The U.S. Navy has developed a policy against using active sonar
during training exercises in Puget Sound, but the Canadian Navy has
no such policy — as we learned this week when loud pings were heard
around the San Juan Islands.
After Monday’s incident, whale advocates were in an uproar over
concern for killer whales, dolphins and other marine mammals.
Jeanne Hyde was the first to raise the alarm and later placed a
sample of the sound on her blog,
“Whale of a Porpose.”
Michael Jasny of the Natural Resources Defense Council railed
against the Canadians’ use of sonar in his blog on
“The simple fact is that these waters should not be used for
sonar training. Period. Even the U.S. Navy — which has thus far
refused to protect marine mammal habitat anywhere else on the west
coast — has effectively put the area off-limits to sonar use.
“NRDC will appeal to both the Canadian and U.S. governments to
ensure that this patently dangerous activity does not happen in
this place again.”
The U.S. Navy policy against sonar use during training was
solidly confirmed in 2009, when the National Marine Fisheries
Service issued a permit for the Navy to use sonar off Washington’s
coast. The permit did not include inland waterways.

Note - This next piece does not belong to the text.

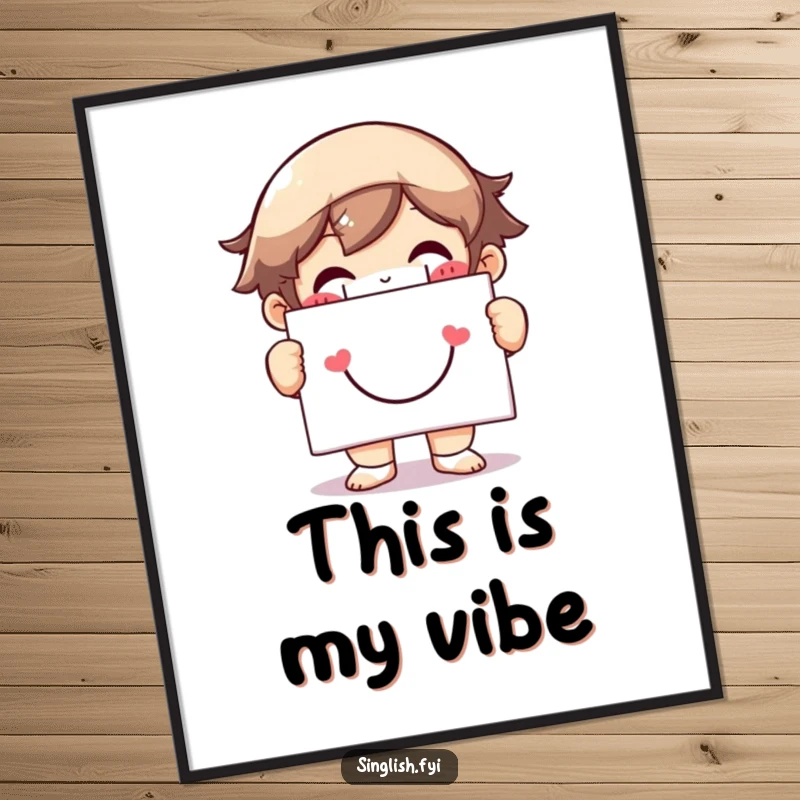 Funny poster art of a character with a massive grin holding a smiley face sign, radiating pure joy and positive energy.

When I inquired about this, Navy officials confirmed that they
never requested authorization for training in waters east of Cape
Flattery. For details, check out the story I wrote for the
Kitsap Sun, July 29, 2009.
Contrary to some beliefs, the Navy did not say it would never
use sonar in inland waters under any circumstances. In fact, in
April of 2009, the USS San Francisco, a fast-attack submarine, left
Bremerton after a refit and conducted “required training dives,”
including the use of sonar that was reported as unusually intense.
Kitsap Sun, April 10, 2009.
How did that happen? The federal permit, according to the Navy,
makes an exception for sonar related to “safety and navigation;
testing; maintenance; and research, development, test and
The San Francisco incident fell under “safety and navigation,”
according to Navy spokeswoman Sheila Murray.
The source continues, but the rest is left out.